One fish, two fish, dead fish, blue fish
There’s something very soothing about gazing idly into a vibrant aquarium. Watching my own finned friends swim about, I almost envy them for their calm, hassle-free lifestyle. Their only worry is how best to navigate from one side of the tank to the other, occasionally checking the surface for food-shaped silhouettes. Then I remember that my own life is not much more complicated than theirs. Granted, my “tank” is a good deal larger than 10 gallons, but we both share a love of oxygen, water and food-shaped blobs.
It is this connection I feel with my scaly dependents that makes my complete inability to care for them that much more painful. Over the course of the past few years, I have brought a number of fish into my home through the front door and watched as they left through my bathroom in a slow, counterclockwise motion. I have continually upgraded and revamped my fish accessories – or fish-cessories – only to fail time and time again. I have added not only the traditional green fish net, but also a specially made siphon to vacuum the gravel at the bottom of the tank. I have de-chlorinating drops, two kinds of food and a real plant to make my fish feel more at home. Still, they keep dropping like celebrities.
My first fish had no idea what he was getting into, and for that I sincerely hope Kip Dynamite, my rambunctious beta fish, is exchanging baudy stories and otherwise carousing with Flipper and the original Shamu in a kind of underwater Elysian Fields. The specifics of his demise are still unknown as I was out of town when Death stuck his icy hands into the coffee pot in which I kept poor Kip. My girlfriend had purchased a fish of her own at the same time I got Kip, so when he was tragically struck down in his prime, I was given Principal Blackman to care for.

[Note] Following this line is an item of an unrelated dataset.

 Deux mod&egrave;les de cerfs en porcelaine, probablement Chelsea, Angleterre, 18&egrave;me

Instead of learning from my past and fatal mistakes, I left Principal Blackman for my then-roommate to feed and keep an eye on while I was out of town. I had only known Principal Blackman for a short time, but I loved him deeply. He was a great swimmer and kept mostly to himself, the strong and silent type you don’t see much in fish nowadays. When I returned home, I was greeted by the sight of a half-evaporated fishbowl, minus the fish. As quickly as he had come to me, he was gone. I never even got to say, “Goodbye.”

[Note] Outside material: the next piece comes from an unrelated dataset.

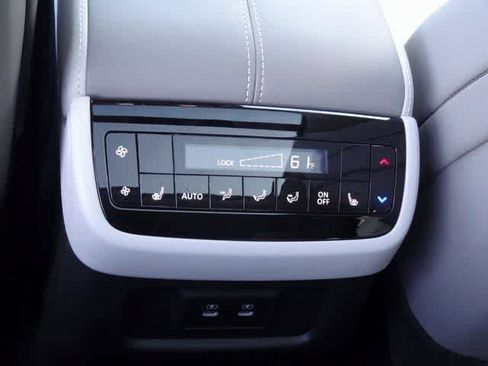 New 2026 INFINITI QX60 Luxe w/ Cargo Package image 11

It was several months before I worked up the courage to purchase another fish, but I was determined to do it right this time. No more of this elementary-school-class-pet-fishbowl nonsense. I wanted an actual aquarium, one with a light and a little filter that would hum in the background like a fish life support system. Something that would say, “I may not have a job, but at least I’ve got this fish business figured out.”
The funeral for Sparkle was short but tasteful. Thinking I had finally mastered the art of not killing things, my girlfriend and I bought Sparkle as a companion and possible love interest for Ong-Bak, our other fish at the time. My girlfriend said a few words, I pulled the lever and then we both went out for sushi. Ong-Bak was so grief stricken that his immune system was unable to fight off an Ichthyophthirius multifiliis infection and he died shortly after.

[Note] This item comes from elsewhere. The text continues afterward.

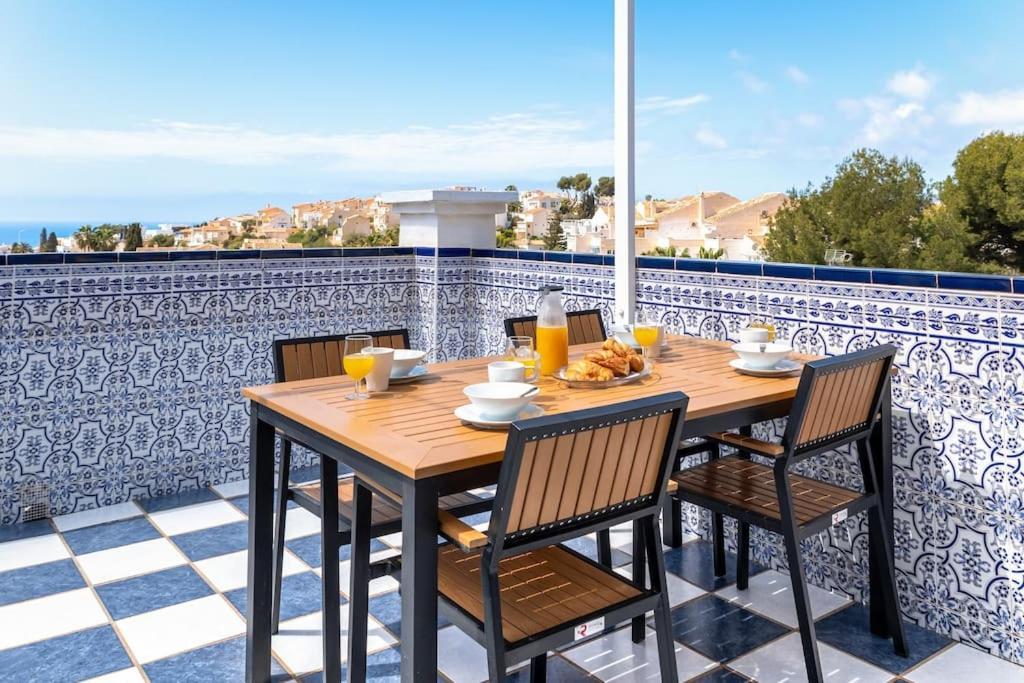 Oasis 16 Lägenhet Nerja Exteriör bild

Today, however, I have a better handle on water purity, proper food allotment and other things fish find extremely important. Still, that didn’t stop two hookworms from plunging their filthy barbs into Butch, our beloved and final fish. At first, the two white translucent parasites eluded our detection. When they continued to grow and develop disturbing, hookworm-like features, I got my biology student girlfriend to pluck the hangers-on from our fish with tweezers as the Internet instructed us.
The most likely source of the hookworms was that mangy orphanage of a store they call PetSmart. Each fish I pass on the shelves seems to look at me with eyes that scream, “Please, buy me or flush me now.” What’s sad is that even if I do buy one of those hapless goldfish, in the back of my mind I know he’ll probably just end up in a porcelain tomb next to the shower anyway.